> _Requirement_:
Omit all pictures and transcribe only the lines in the entries below that run from the line with "Yellow Water-lily - Plants" through the line with "kullstrupemango - ML646765713".

> _Data_:
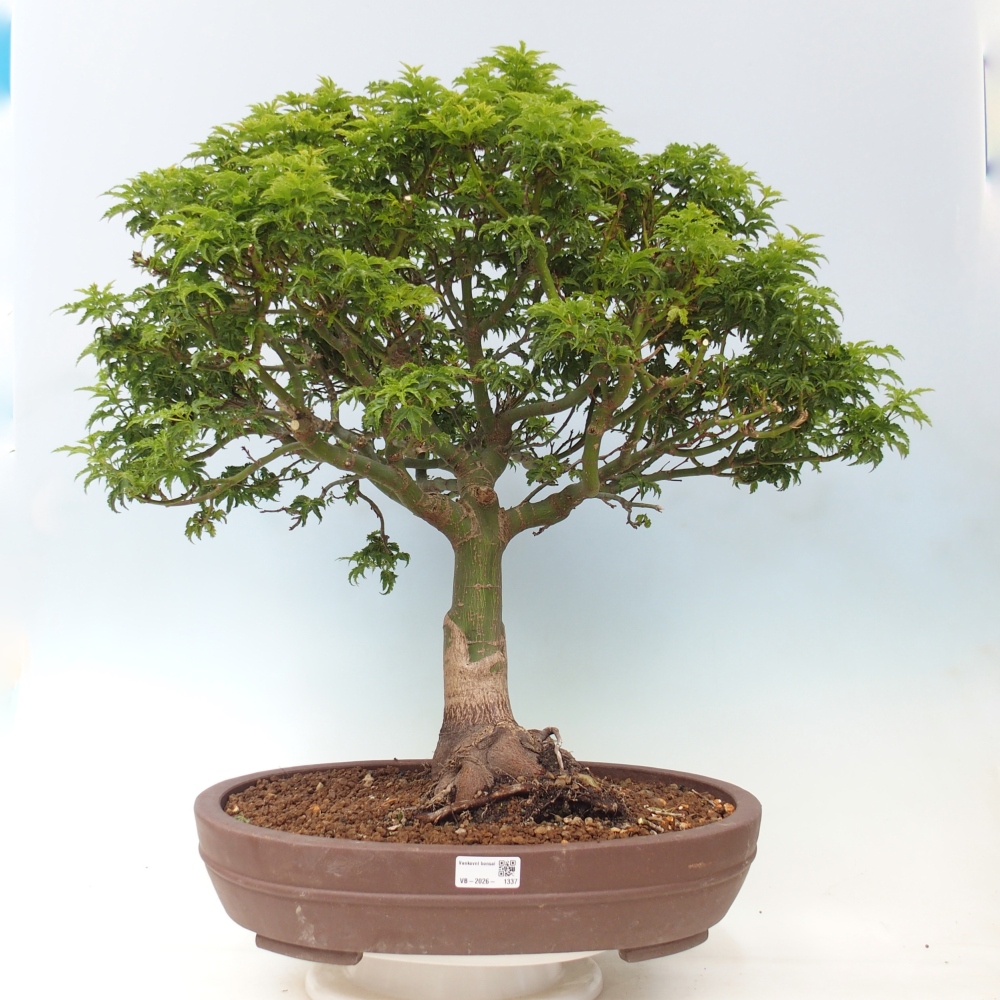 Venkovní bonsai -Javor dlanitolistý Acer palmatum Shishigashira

==

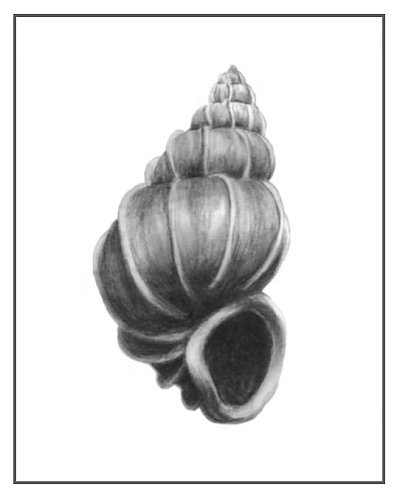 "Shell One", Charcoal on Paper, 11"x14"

---

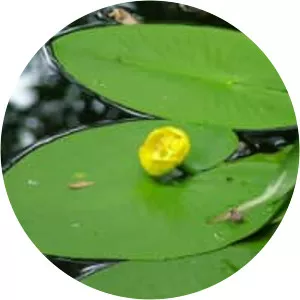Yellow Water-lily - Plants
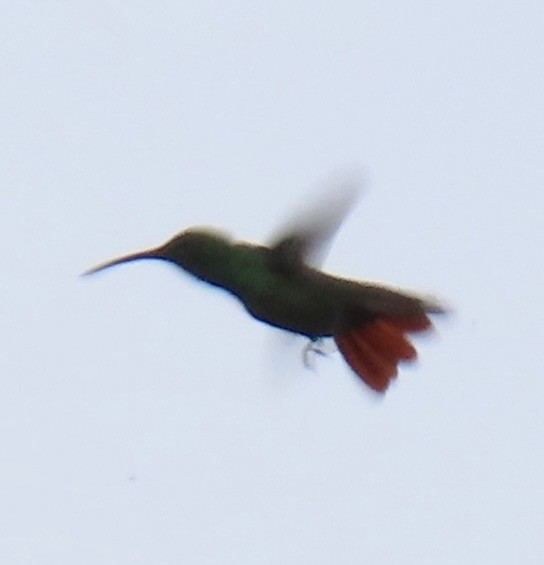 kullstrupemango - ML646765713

> _Reply to the task_:
Yellow Water-lily - Plants
 kullstrupemango - ML646765713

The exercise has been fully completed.